Matus Harvan mharvan at inf.ethz.ch
Wed Oct 31 07:49:34 PDT 2007


On Mon, Oct 29, 2007 at 07:49:47PM +0000, Bruce M. Simpson wrote:
> Brooks Davis wrote:
>> While I think this idea has some merit, I think we specifically want
>> the current wildcard ability to allow for a system that requires
>> minimal configuration.  The problem with a range is that it doesn't
>> allow disjoint sets and it requires that if you really do want all the
>> ports you need to produce a list of currently allocated ports to avoid
>> allocating.  A more (over)engineered solution holds some attraction, but
>> I'm not yet convinced the fact that it could exist precludes the current
>> implementation.
> 
> Actually I concur with you on this point, based solely on the disjoint sets 
> point.

A slightly different argument:

What if you set a certain port range for catchall and an application
then tries to bind to one of these ports? Should the whole port range
be reserved for the catchall socket or should an application be
alllowed to "take" on of the ports. The latter seems more practical to
me.

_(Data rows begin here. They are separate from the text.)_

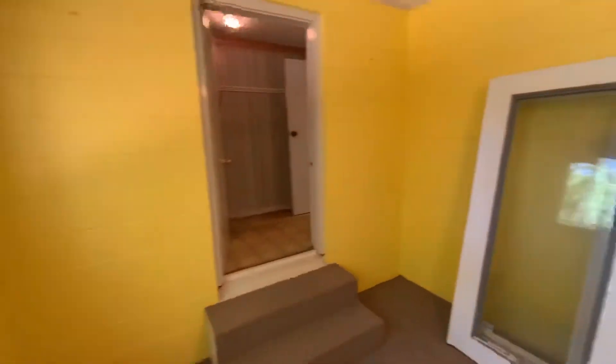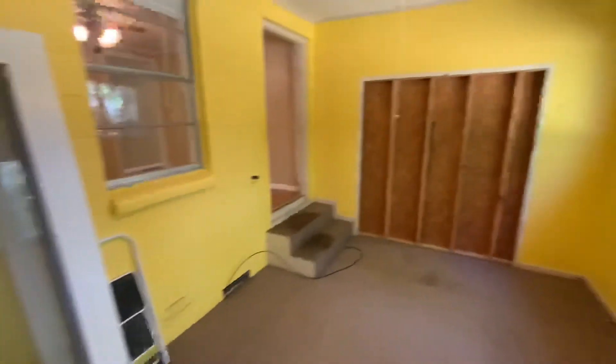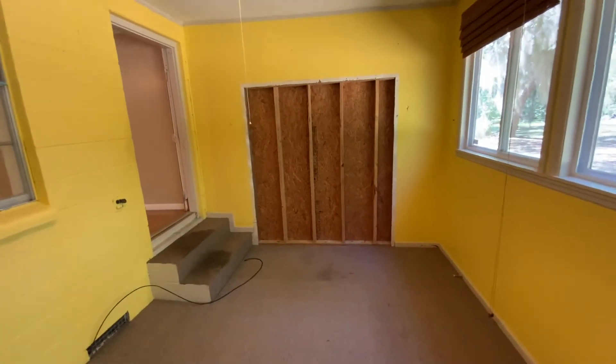The utility room is straight ahead. These doors actually lead there — they're just covered over right now, but those French doors could be replaced and put right back in place.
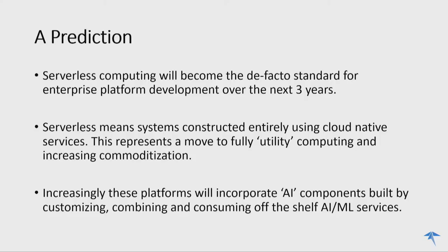I have a prediction for you: service computing will become the de facto standard for enterprise platform development over the next three years. By that I mean systems constructed entirely using cloud-native services — a move towards fully utility computing. That means increasing commoditization and consumption of commoditized services to solve business problems. Increasingly, these platforms will incorporate more AI, built by combining and tuning commoditized components for a particular use case.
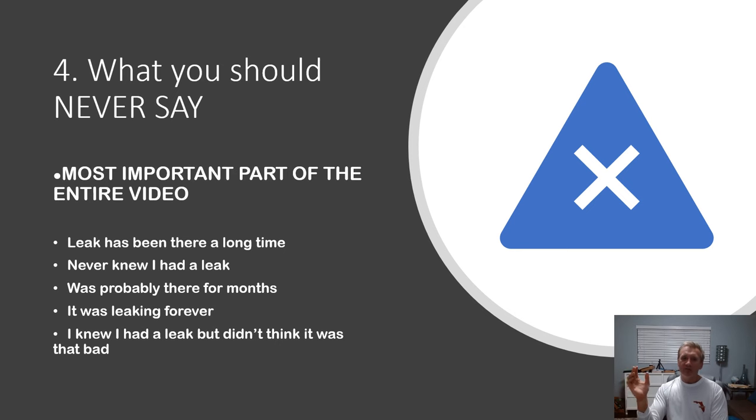Number four — and this is the most important part of the video — what you should never say when you call to file your claim. Never say: 'The leak has been there a long time.' 'Never knew I had a leak.' 'It was probably there for months.' 'It was leaking forever.' 'I knew I had a leak but didn't think it was that bad.' All of these things you do not want to say when calling in your claim.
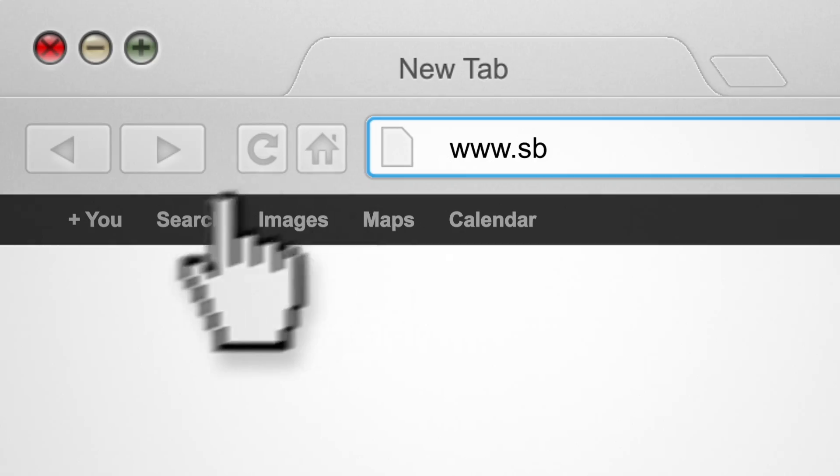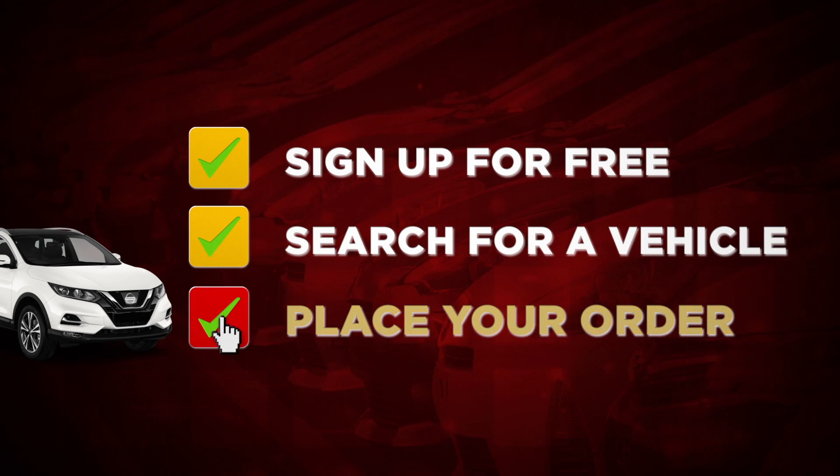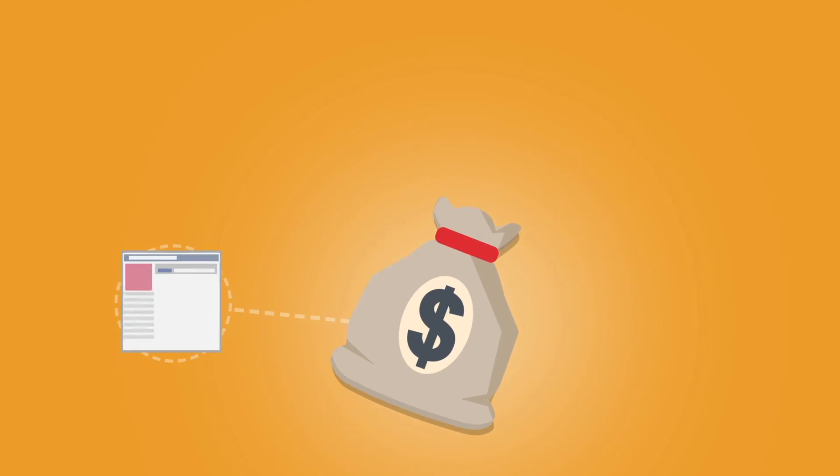Go to svtjapan.com and sign up for free. Search for the car you want, place your order, and make a payment using any one of our convenient payment options.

But then there would be no point in changing from the wildcard
ability to a port range functionality.

> Another vector of attack would be to put the relay functionality into PF, 
> which can do the packet matching. However this of course suffers from the 
> problem that if you just want a plain old UDP socket for mtund, you won't 
> get that unless you go to the inpcb layer anyway.
> 
> But who says mtund needs to use sockets for its traffic relay? There is 
> definite appeal in *not* doing it in the socket layer at all -- an 
> adaptation of pf's log socket may suffice...

For UDP catchall this would suffice. However, we should also prevent
the kernel from sending back a (icmp) notification that the port in
question was closed. How could this be done with pf's log socket or
bpf? Blackhole functionality would have to be enabled? This would then
seem to me more of a hack than doing this in the socket layer.